Critics blasted a proposal to merge the offices of the Suffolk County comptroller and treasurer as a political ploy while supporters contend it will save taxpayer money, should voters decide the issue.
Treasurer Angie Carpenter and some lawmakers questioned whether the bill is designed to allow Comptroller Joseph Sawicki, who’s term limited, to run for another 12 years under a new title and oust Carpenter, the former Republican rival to County Executive Steve Bellone, a Democrat.
“This is not a merger, this is a hostile takeover,” Carpenter told the legislature Monday at a public hearing. “If it ain’t broke, don’t fix it.”
The comments came at a special meeting of the panel that is expected to decide July 30 whether voters in a November referendum should weigh consolidating the two elected posts into a new office of the chief financial officer.
“Sooner or later, with taxpayers wanting leaner and meaner government, this is going to happen,” said Sawicki, a Republican who acknowledged his prior opposition to the same idea in 2006. “The world has economically changed in the last five years. We have to rethink everything.”
If approved, Sawicki would lead the new, consolidated office starting in January and would be eligible to run for the post in the 2014 elections.
The majority of speakers—including town-level elected officials, bankers and members of the public—voice opposition to the proposal, although a handful of supporters also spoke.

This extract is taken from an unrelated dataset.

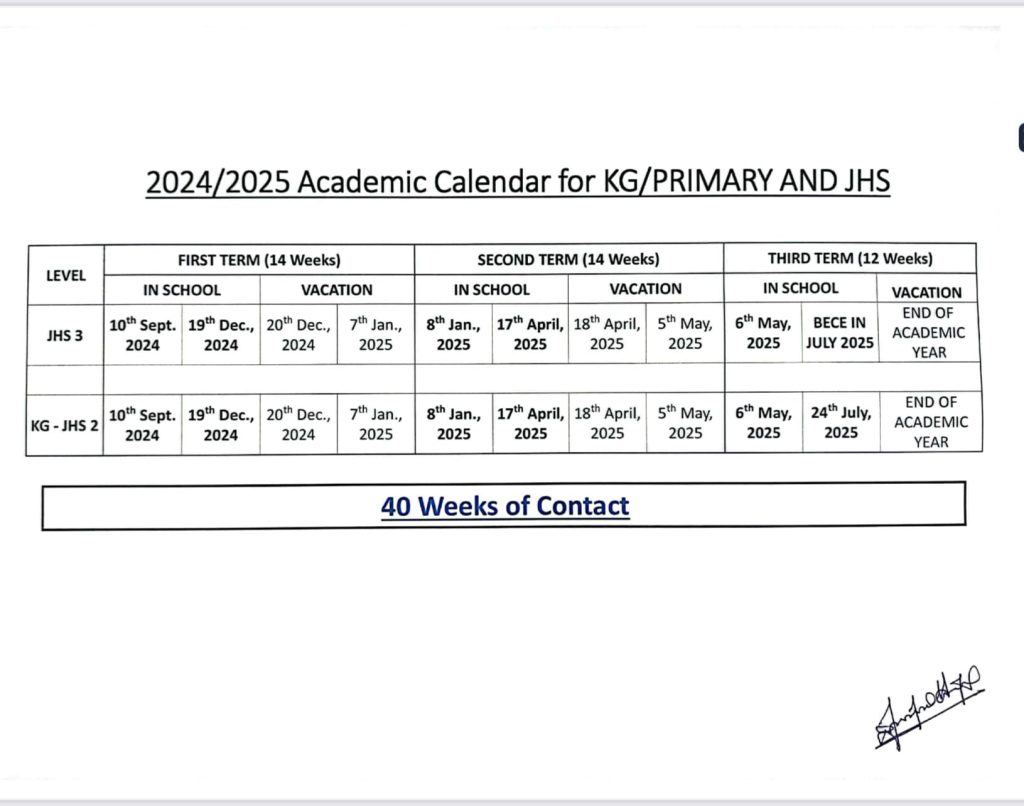 GES releases 2024/25 academic calendar for schools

“This timing appears politicized and politics and finance are very poor bed fellows,” said Lisa Scott, president of Suffolk County League of Women Voters, adding that the group supports government consolidation, but has doubts about this proposal.

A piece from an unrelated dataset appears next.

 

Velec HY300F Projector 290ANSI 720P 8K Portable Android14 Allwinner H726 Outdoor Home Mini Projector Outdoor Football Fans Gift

“It’s not about politics and it’s not about personalities,” said Huntington-based attorney Paul Sabatino, a former council to the legislature hired by Sawicki. He noted that the comptroller is paying him out of campaign funds and not public money.
Republican lawmakers in the Democratic-controlled legislature also balked that an amended version of the bill was submitted less than an hour before the public hearing, which left little time for anyone to digest the changes.

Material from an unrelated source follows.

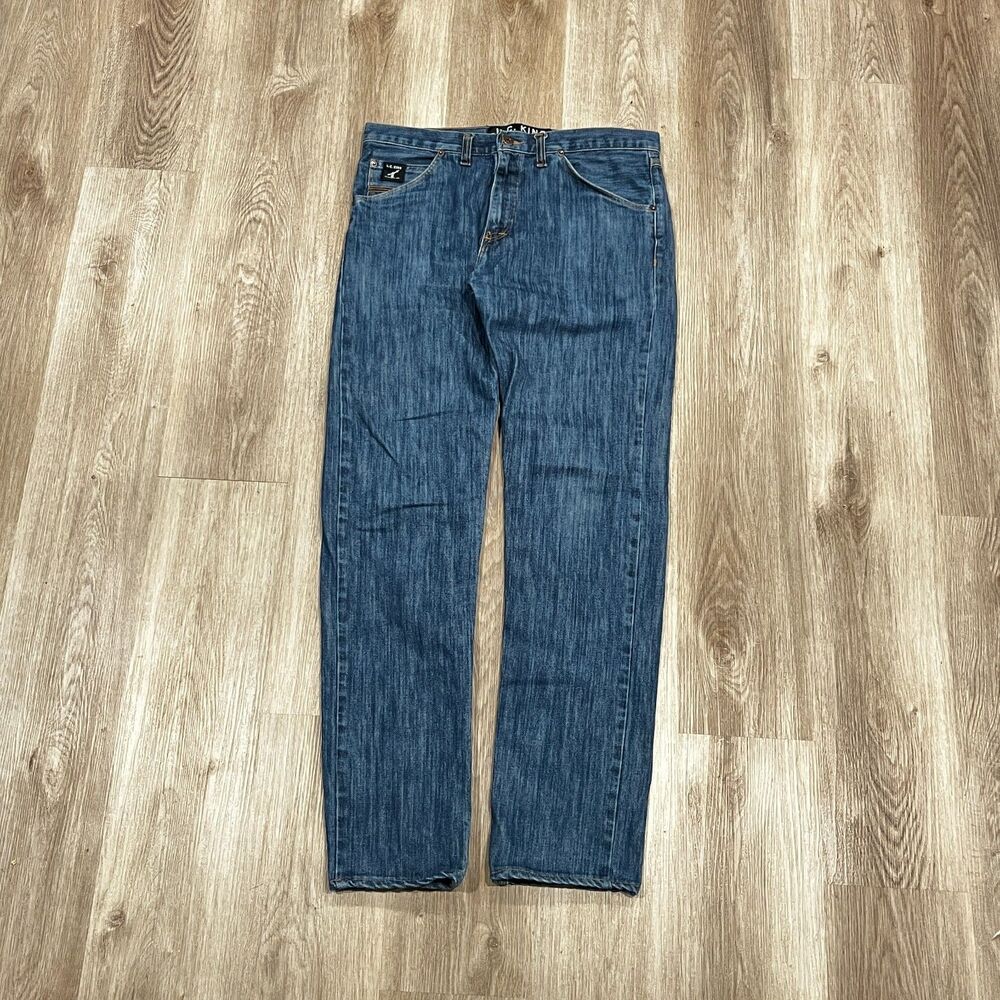 Vintage 90s L.C. King Dark Denim Jeans Straight Leg Size 34x34 Made In USA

Legis. Rick Montano (D-Central Islip) pointed out that since the district attorney, sheriff and clerk sued to overturn the term limits—a ruling that is pending appeal—only the comptroller, treasurer and legislators remain term limited.
So is the county executive. But now the Comptroller Sawicki may have a chance to run for an office equivalent to his current title.
“If this bill is past and the referendum passes, then [Sawicki’s] able to maintain his current functions beyond the 12-year period that the public voted for,” Montano said while referring to the referendum a decade ago that created term limits. “We have effectively taken the public’s vote and thrown it in the garbage can.”